I am quite confused about when a SettingWithCopyWarning is raised. For example:
import pandas as pd
df0 = pd.DataFrame([["Fruit", "Apple", 12, 0.3],
["Fruit", "Orange", 23, 0.2],
["Dairy", "Milk", 4, 1],
["Dairy", "Cheese", 1.0, 9.5],
["Meat", "Pork", 8, 11],
["Meat", "Buffalo", 2, 18],
["Fruit", "Strawberry", 45, 2.2]],
columns=["Type", "Item", "Quantity", "Price"])
df1 = df0.loc[df0.loc[:, "Price"] < 10, ["Type", "Item", "Price"]] # a copy(?)
df2 = df0.loc[df0.loc[:, "Price"] < 10] # also a copy, but maybe this is not always the case?

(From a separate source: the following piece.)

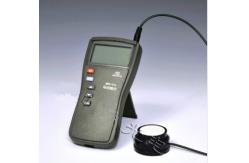 China 365nm 420um Illuminance Meter Uv Black Light Meter And Visible White Light Meter supplier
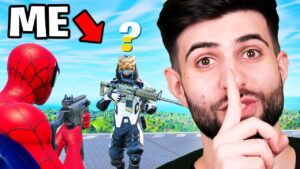 Pretending To Be a BOSS to WIN Hide and Seek!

df1.loc[1, "Item"] = "Banana" # works fine
df2.loc[1, "Item"] = "Banana" # raises SettingWithCopyWarning
It seems that df1 is always a copy, whereas, df2 is not always a copy (this time df0does not change though). Why does this happen? I am more interested in understanding the reason than avoiding the warning itself. I read pandas' documentation on view vs copy, but it is not too enlightening on what loc returs. Quoting:
dfmi.loc is guaranteed to be dfmi itself with modified indexing behavior
and immediately afterwards:
Of course, dfmi.loc.__ getitem__(idx) may be a view or a copy of dfmi
I saw many interesting discussions, here, here, here (and a few more), but none provides a reproducable example and none actually explains what happens when .loc is used. I saw that sometimes false positives can exist and that there are some workarounds (turn off warning, set .is_copy = False), but these fail to actively tackle the problem.
Any insight? Why is it ok to modify df1 but not df2?